In its orbit around the Sun, Mars comes within 56 million kilometers (35 million miles) of Earth - closer than any other planet but Venus. Because it’s farther from the Sun than the Earth, its sunlit side faces Earth when it is closest to us. (You can draw a simple diagram of the two orbits to confirm this fact.) This illumination, when Mars is relatively close, offers Earth-based observers the opportunity to study its surface features.

The first studies of Mars were soon after Galileo first used the astronomical telescope in 1610. Dutch physicist Christian Huygens first sketched some dark, patchy markings on the planet in 1659. A few years later, Italian astronomer Giovanni Cassini tracked the markings to determine that Mars turns once on its axis in 24 hours and 37 minutes. In other words, the length of the Martian day is almost the same as that on Earth. 

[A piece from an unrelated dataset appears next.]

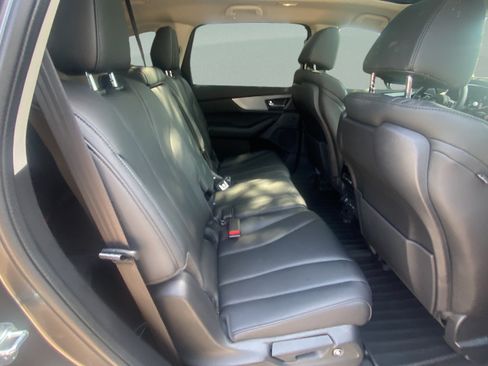 Used 2026 Acura MDX SH-AWD image 28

By the end of the 1700s, astronomers had observed even more features that resemble Earth’s. Mars has scattered clouds and bright, white polar caps. The polar ice caps of Mars shrink in summer and grow in winter, like the polar ice caps of Earth. The surface markings observed by Cassini and others underwent seasonal changes, growing darker in the summer and changing shape from year to year. Some observers even thought they might be patches of vegetation.

Early observations of Mars supported a Renaissance idea called the plurality of worlds. This hypothesis suggested that other planets are actually worlds like the Earth. To see how revolutionary this idea was at the time, think about the progression of ideas about other planets through history. In Greek times, the planets seemed to be supernatural entities or mystical, crystalline lights that traveled in a celestial realm above the mundane Earth. Then, in the 1600s, the Copernican revolution established that the planets and the Earth were all bodies moving around the Sun. The idea of the plurality of worlds took the Copernican revolution one step further: other planets might be entire worlds like the Earth, with familiar geological surfaces, climates, clouds, weather - and perhaps even life!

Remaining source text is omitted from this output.